Pada tanggal 25 Januari 1946 di Tangerang, Mayor Daan Mogot memimpin pasukan yang terdiri dari tiga perwira dan puluhan taruna mendatangi markas jepang di Desa Lengkong Serpong. Tujuannya untuk melucuti senjata pasukan Jepang agar tidak melakukan kegiatan yang mengganggu masa awal kemerdekaan, rombongan tersebut mengendarai tiga unit truk dan satu unit mobil jip militer. Daan Mogot yang di dampingi oleh tiga orang perwira merasa ini adalah misi militer yang sangat penting, terlebih di awal kemerdekaan Indonesia sangat membutuhkan senjata demi menjaga Ibu Pertiwi.
Setibanya rombongan Daan Mogot di gerbang markas Jepang, mereka langsung dihadang oleh pasukan yang berjaga karena tidak diijinkan melintas. Ketegangan mulai terjadi namun Daan Mogot menggunakan strategi diplomasi agar rombongan bisa melaksanakan misi, setelah melakukan negosiasi yang cukup alot akhirnya tiga orang rombongan diijinkan masuk untuk melakukan pembicaraan dengan pimpinan militer Dai-Nippon yang ada di markas. Mayor Daan Mogot bersama Mayor Wibowo serta satu orang taruna militer yang akhirmya menjadi negosiator.
Letnan Soebianto dengan Letnan Soetopo diberikan tugas untuk memimpin pasukan yang bersiap di depan markas, dengan kewibawaannya rombongan negosiasi memasuki markas Dai-Nippon untuk melanjutkan misi militer. Daan Mogot berhasil melakukan negosiasi dengan pimpinan markas militer Jepang tersebut, semula proses pelucutan senjata berjalan dengan sangat lancar karena Jepang sudah bersedia menyerahkan senjata miliknya, tetapi dari tempat yang tersembunyi tiba-tiba terdengar rentetan letusan senapan dan mitraliur yang diarahkan ke rombongan Daan Mogot.

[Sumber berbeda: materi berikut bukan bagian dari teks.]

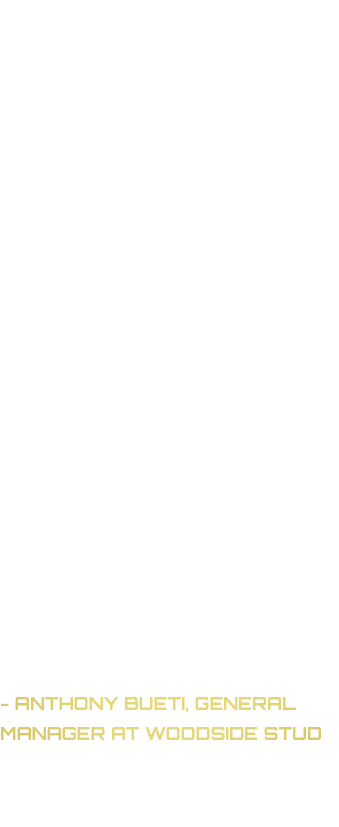 Statistically Dubawi is the most successful sire to ever stand in Great Britain with 271 stakes winners, 179 of Group...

Pertempuran sengit tidak dapat dihindarkan, pasukan yang berjaga di luar akhirnya menyerbu masuk ke dalam markas Jepang tersebut. Baku tembak dan sesekali diselingi ledakan terjadi di Desa Lengkong, pasukan Jepang pun mengerahkan semua kekuatan militernya untuk membalas serbuan. Karena rombongan Daan Mogot kalah jumlah pasukan serta persenjataan, akhirnya korban berguguran dari sebagian besar rombongan pasukan Akademi Militer Tangerang, Mayor Daan Mogotpun gugur menemui titik akhir pengabdiannya.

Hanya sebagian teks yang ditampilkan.